Am Donnerstag stimmt Schottland über die Unabhängigkeit ab. 97% aller Wahlberechtigten haben sich registriert. Darunter auch Erstwähler ab dem 16. Lebensjahr. Ein Ergebnis ist nicht vorhersagbar. Aber die Ereignisse der vergangenen Wochen und Tage werden die britischen Inseln für die kommenden Jahre prägen, egal wie das Referendum ausgeht.
In Schottlands Straßen, Pubs und Plätzen wird eine Debatte darüber geführt, in was für einem Land die Menschen leben wollen. Es ist die Erfahrung mit den Sparpaketen der vergangenen Jahre, die die Menschen in das Unabhängigkeitslager treibt.
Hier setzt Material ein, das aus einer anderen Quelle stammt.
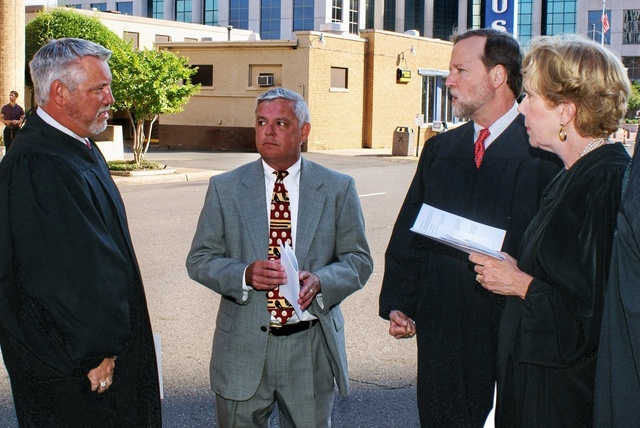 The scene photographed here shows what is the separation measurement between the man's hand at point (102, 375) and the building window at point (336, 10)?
71.6 metres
Plötzlich denken viele Menschen in Schottland darüber nach, dass es anders sein könnte als jetzt.
Dagegen operiert das unionistische Lager mit hauptsächlich negativen Botschaften. Und das trotz dem Kampagnenslogan "better together". Beschäftigte großer schottischer Konzerne berichten, dass sie von ihren Arbeitgebern unter Druck gesetzt werden, mit Nein zu stimmen. Der BAE-Rüstungskonzern verschickte eine entsprechende Aufforderung mit dem jüngsten Gehaltszettel. Im Fall der Unabhängigkeit könne für die Arbeitsplätze in Schottland nicht mehr garantiert werden. Ähnliche Botschaften wurden auch an die Beschäftigten großer schottischer Baufirmen geschickt.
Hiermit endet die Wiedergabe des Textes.